Na avaliação do especialista, “as opções erradas, tomadas em relação ao sistema elétrico, que se mantém até hoje, e se agravaram neste governo, são a causa da crise energética e não os problemas da natureza, como alega o governo”. “O Brasil possui enormes recursos energéticos e capacidade tecnológica para garantir o abastecimento energético da população brasileira, para planejar adequadamente o sistema e evitar as crises como as que aconteceram em 2001, em 2013 e 2014 e agora em 2021”, observou.
“As opções erradas, tomadas em relação ao sistema elétrico, que se mantém até hoje, e se agravaram neste governo, são a causa da crise energética e não os problemas da natureza, como alega o governo”
O professor Ildo explica que nos leilões de energia, as ofertas das termoelétricas não levam em conta o valor dos combustíveis usados para o seu funcionamento. Esses custos extras são cobrados depois. “Por isso elas ganham os leilões”, explica. “Além disso, afirmou ele, “programa-se o seu uso por períodos curtos, que seriam mais baratos, mas não é o que ocorre na realidade. Na comparação com os preços das eólicas, ganham as termoelétricas.

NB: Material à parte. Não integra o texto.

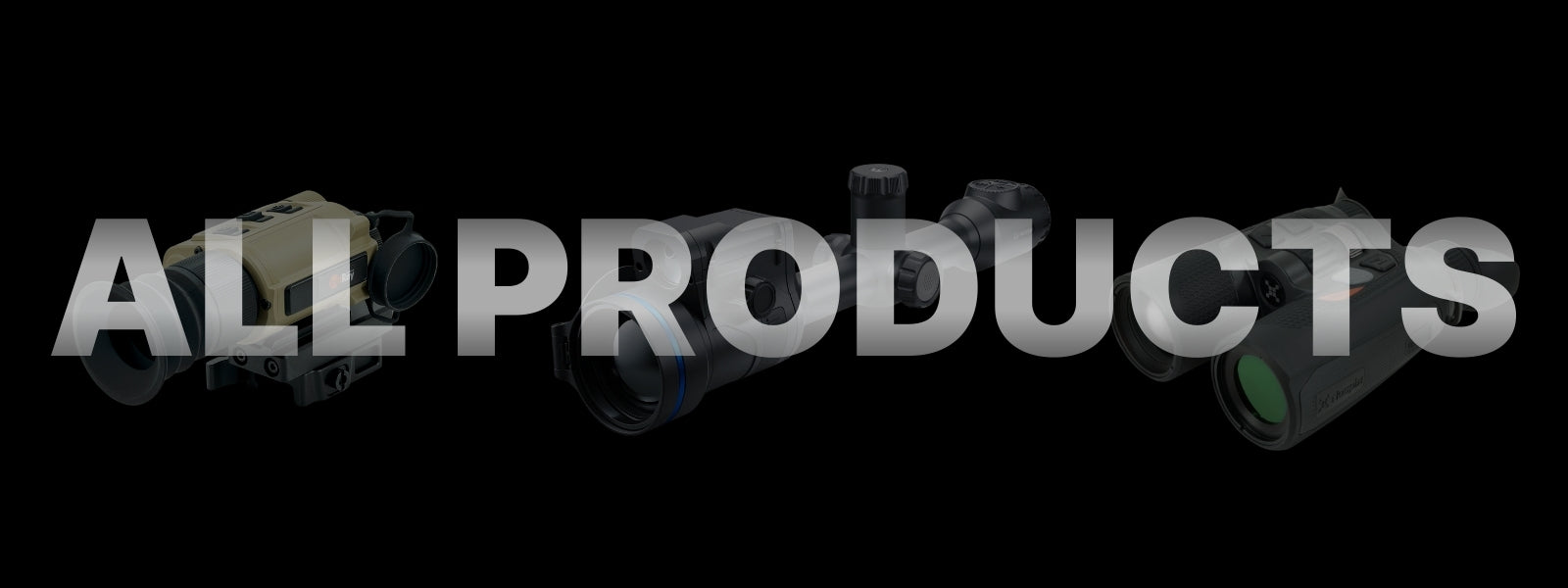All Products: Thermal Optics, Scopes, Monoculars & Accessories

Só que, depois, os custos não previstos de combustíveis e o uso prolongado jogam os preços da energia das termoelétricas para as alturas e quem paga é o consumidor”.
R$ 150 BILHÕES FORAM TORRADOS NAS TERMOELÉTRICAS
“Durante todos esses anos, desde pelo menos 2012”, diz o professor Ildo Sauer, “foram gastos mais de R$ 150 bilhões em contratação de termoelétricas, tendo-se repassado os seus altos preços para os consumidores”. “Agora que a crise hídrica está de volta”, acrescenta o professor, “o governo Bolsonaro continua sem planejar nada para o setor e, na iminência de um novo apagão, vai exigir da população cortes no uso de energia e ainda vai gastar mais uns R$ 30 bilhões com a queima de combustíveis das termoelétricas. De novo, quem vai pagar a conta são os brasileiros”, denunciou. “Com esses recursos podíamos ter construído usinas eólicas capazes de produzir o dobro da energia que é produzida hoje no país”, afirmou.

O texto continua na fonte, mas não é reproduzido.